In a Bayesian setup, the null and alternative are both models and the relative evidence between them will change based on how we specify them. If we specify them in a reasonable manner, such that the null and alternative correspond to relevant theoretical viewpoints or encode information about the question at hand, the relative statistical evidence will be informative for our research ends. If we don’t specify reasonable models, then the relative evidence between the models may be correct, but useless.
We never “prove the null” or “compute the probability of the null hypothesis”. We can only compare a null model to an alternative model, and determine the relative evidence.
[See also Gelman and Shalizi (2013) and Morey, Romeijn and Rouder (2013)]
Why you shouldn’t say “the null is never true”

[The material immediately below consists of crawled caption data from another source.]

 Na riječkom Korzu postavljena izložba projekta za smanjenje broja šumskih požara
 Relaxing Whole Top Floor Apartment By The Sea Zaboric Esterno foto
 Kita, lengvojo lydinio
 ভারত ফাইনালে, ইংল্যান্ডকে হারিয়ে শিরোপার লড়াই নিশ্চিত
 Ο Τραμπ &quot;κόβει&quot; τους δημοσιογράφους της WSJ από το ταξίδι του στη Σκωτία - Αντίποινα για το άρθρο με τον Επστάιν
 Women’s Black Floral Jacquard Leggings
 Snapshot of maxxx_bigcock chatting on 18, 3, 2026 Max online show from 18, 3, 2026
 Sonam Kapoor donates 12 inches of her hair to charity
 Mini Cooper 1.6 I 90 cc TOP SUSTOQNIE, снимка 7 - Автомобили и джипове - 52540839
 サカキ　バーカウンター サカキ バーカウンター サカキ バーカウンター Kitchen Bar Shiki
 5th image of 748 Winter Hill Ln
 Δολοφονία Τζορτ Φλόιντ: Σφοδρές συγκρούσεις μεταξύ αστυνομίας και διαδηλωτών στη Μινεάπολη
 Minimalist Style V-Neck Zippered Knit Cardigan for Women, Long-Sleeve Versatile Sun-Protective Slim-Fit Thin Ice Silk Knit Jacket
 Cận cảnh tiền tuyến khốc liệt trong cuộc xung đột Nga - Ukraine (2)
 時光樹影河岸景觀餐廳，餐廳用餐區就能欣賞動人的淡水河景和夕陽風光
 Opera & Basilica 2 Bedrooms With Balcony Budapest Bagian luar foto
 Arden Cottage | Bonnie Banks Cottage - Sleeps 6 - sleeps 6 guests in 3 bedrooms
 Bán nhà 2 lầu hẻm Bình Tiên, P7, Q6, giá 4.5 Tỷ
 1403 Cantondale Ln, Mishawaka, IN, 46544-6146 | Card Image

A common retort to tests including a point null (often called a ‘null’ hypothesis) is that “the null is never true.” This backed up by four sorts of “evidence”:
- A quote from an authority: “Tukey or Cohen said so!” (Tukey was smart, but this is not an argument.)
- Common knowledge / “experience”: “We all know the null is impossible.” (This was Tukey’s “argument”)
- Circular: “The area under a point in a density curve is 0.” (Of course if your model doesn’t have a point null, the point null will be impossible.)
- All models are “false” (even if this were true — I think it is actually a category error — it would equally apply to all alternatives as well)
The most attractive seems to be the second, but it should be noted that people almost never use techniques that allow finding evidence for null hypotheses. Under these conditions, how is one determining that the null is never true? If a null were ever true, we would not be able to accumulate evidence for it, so the second argument definitely has a hint of circularity as well.
When someone says “The null hypothesis is impossible/implausible/irrelevant”, what they are saying in reality is “I don’t believe the null hypothesis can possibly be true.” This is a totally fine statement, as long as we recognize it for what it is: an a priori commitment. We should not pretend that it is anything else; I cannot see any way that one can find universal evidence for the statement “the null is impossible”.
If you find the null hypothesis implausible, that’s OK. Others might not find it implausible. It is ultimately up to substantive experts to decide what hypotheses they want to consider in their data analysis, and not up to methodologists or statisticians to decide to tell experts what to think.
Any automatic behavior — either automatically rejecting all null hypothesis, or automatically testing null hypotheses — is bad. Hypothesis testing and estimation should be considered and deliberate. Luckily, Bayesian statistics allows both to be done in a principled, coherent manner, so informed choices can be made by the analyst and not by the restrictions of the method.